Sicurezza, Gentiloni senza vergogna: «Meschino chi diffonde paure»

Gentiloni senza vergogna. Entra pesantemente nella campagna elettorale attaccando a testa bassa  le forze  che cercano di interpretare  la domanda di sicurezza dei cittadini seguita ai gravissimi fatti di violenza e di morte di  questi giorni, a partire partire da quanto è avvenuto a Macerata. «Dobbiamo rassicurare -tuona il premier – , c’è un bisogno di  sicurezza dei cittadini che non è fittizio o una invenzione della  propaganda di questa o quella forza populista o estremista e c’è chi cerca di soffiare su questo bisogno per diffondere paure, un  comportamento meschino e irresponsabile».

Non una parola di solidarietà è venuta da Gentiloni per il carabiniere ferito dagli estremisti nel corso degli scontri di Piacenza avvenuti ieri.

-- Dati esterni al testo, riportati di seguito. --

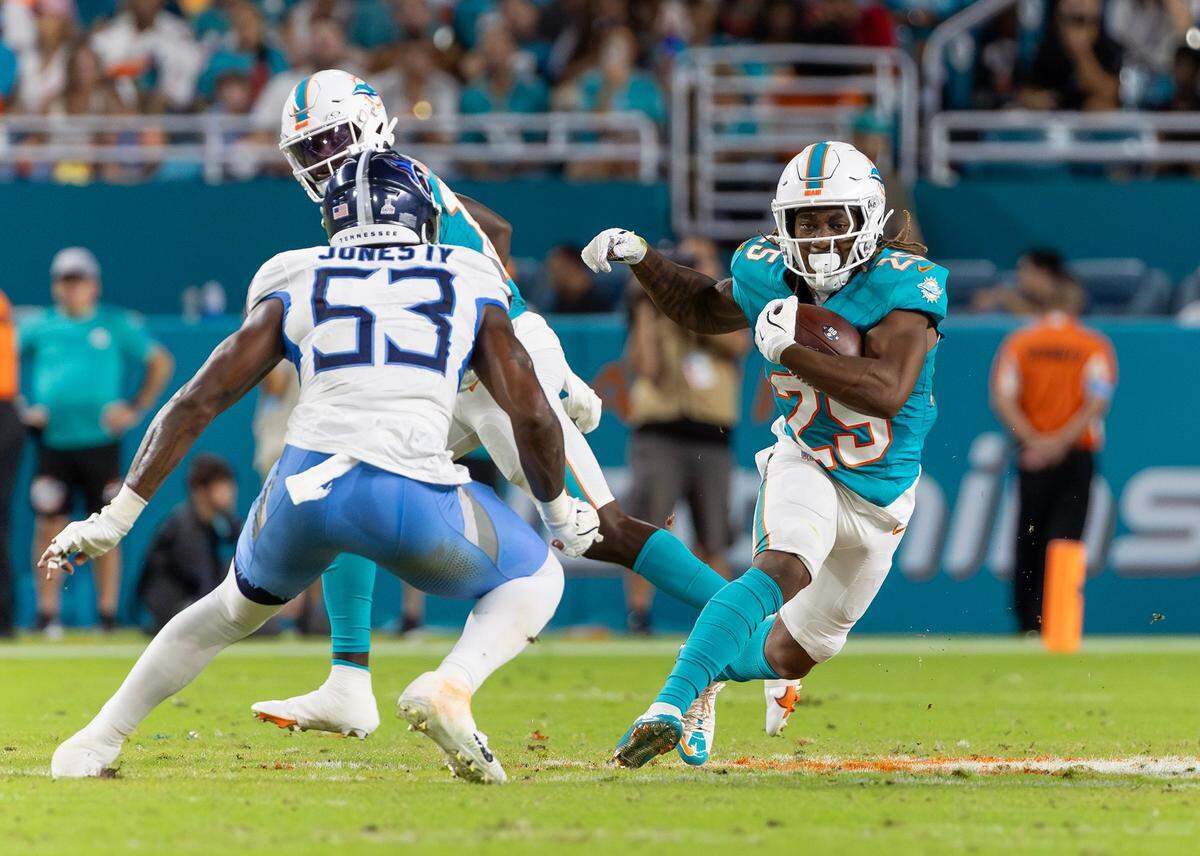 Miami Dolphins running back Jaylen Wright (25) runs with the football as Tennessee Titans linebacker Ernest Jones IV (53) defends in the first half of their NFL game at Hard Rock Stadium on Monday, Sept. 30, 2024, in Miami Gardens, Fla.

In compenso il premier s’ è abbandonato a un inopportuno spot elettorale per il Pd e il centrosinistra. «La nostra coalizione ha recuperato qualche punto nei confronti del centrodestra, è un bene per l’Italia. La sfida è aperta, talvolta i meno convinti sono nelle nostre fila, la nostra  coalizione e l’unico pilastro possibile per una governo nella prossima legislatura». Non sappiamo davvero dove Gentiloni abbia preso quei dati. Certo è singolare vedere un premier consultare spasmodicamente il borsino elettorale invece di concentrarsi, pur se in scadenza,  alle necessità degli italiani.